Johnson has been compared to many supposedly right-wing historical figures
Or when you want to demonstrate some action on ‘levelling-up’ you get Michael Gove to say the House of Lords might be transferred to the north of England.
Or when you want to assuage the DUP, you say the Northern Ireland protocol is going to be changed or dumped.
Or indeed when voters are getting prickly about the next wave of loopy diversity coordinator recruitment in the NHS, you get Sajid Javid to say he’s against it.
And then you can use the present tense to kid yourselves that effective action is being taken on all these things.
In the meantime, an increasingly weary Conservative electorate is noticing the growing chasm between intention and delivery. Home Office civil servants are aghast about the Rwanda policy, even before it has lead to the transfer of a single irregular migrant. The anti-Brexit House of Lords is gearing up to thwart whatever version of Northern Ireland protocol reform eventually gets unveiled in draft legislation next week. Civil servants are simply ignoring Rees-Mogg’s injunction to come back to Whitehall. Peers have loftily told Gove to mind his own business about where the Lords sits. And is there a person alive who has any faith that the creeping infestation of highly-paid ID politics types across the NHS – and, indeed, the rest of the public realm – will be brought to a halt by a lone harrumph from Javid?
Throw into the mix impending rail strikes and a feeble response to taming rampant inflation – despite sustaining the pretence that the Bank of England is seriously commanded to hold it to two per cent – and one is not a million miles away from the ‘imaginary divisions’ mindset which tends to afflict leaders with strong personalities when things cease going well.
The new backroom team in Downing Street is reported to believe that the key to political recovery for Johnson is for his administration to be seen to be doing at least one Conservative thing each week. This follows a year in which the PM appeared to have turned into a climate warrior, much to the disgust of the wider Tory tribe.
Patel’s Rwanda plan was apparently singled out for early praise, having landed well with Conservative-leaning voters. Yet a demonstrable inability to deliver beneficial change – whether due to a lack of statecraft, insufficient concentration span or a deficit of sheer willpower – in the face of determined opposition from dug-in vested interests is just as corrosive for a government’s reputation as not even trying to do so.
Johnson has been compared to many supposedly right-wing historical figures by the more hysterical among his left-wing detractors, including Genghis Khan and Atilla the Hun. He has insisted that, in fact, he is more like a ‘Brexity Heseltine’.
One figure he should try at all costs to avoid being likened to is Edward Heath, a man who could hardly have been more different on the issue of European political integration.

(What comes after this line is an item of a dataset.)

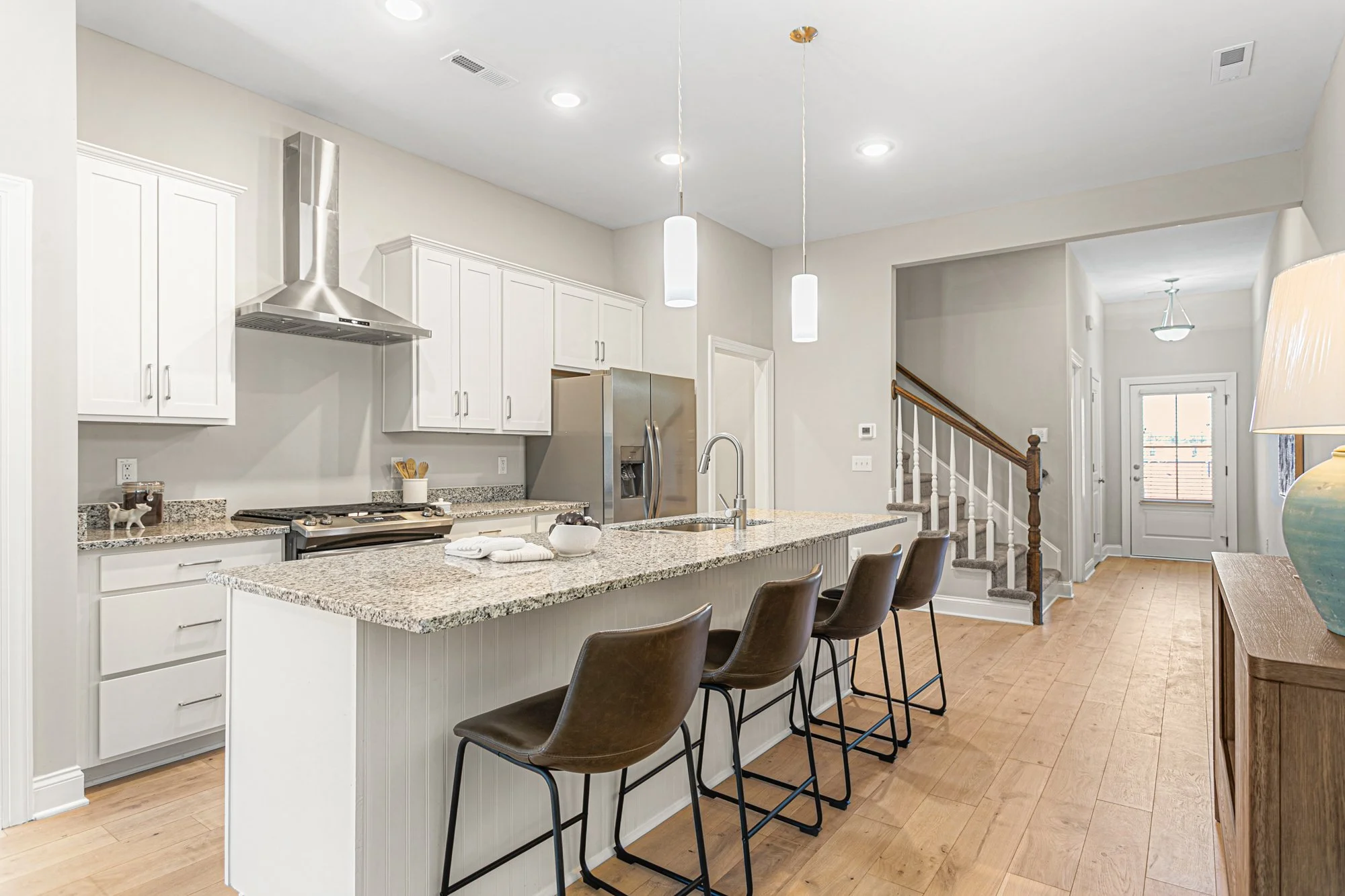 Modern kitchen with white cabinets, granite countertops, stainless steel appliances, island with three brown chairs, hardwood flooring, and a staircase leading to the upper level.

The trouble is that the Brexiteer and the arch-integrationist appear to be in grave danger of meeting around the back of the political bike sheds when it comes to the metric of effectiveness in office.
In early 1974, while plagued with an oil crisis, rising inflation and a wave of strikes, Heath called an election on the basis of ‘who governs Britain?’ only for the electorate to decide that if he needed to ask the question then clearly it couldn’t be him.
Plodding Labour leader Keir Starmer appears to be latching on to this as Johnson’s key weakness, going through a painful inventory of Tory under-achievement in PMQs this week. Johnson won himself some more time in this week’s confidence vote. But if he has not become far more adept at implementation by this time next year then he is going to get dumped. He will fully deserve such a fate.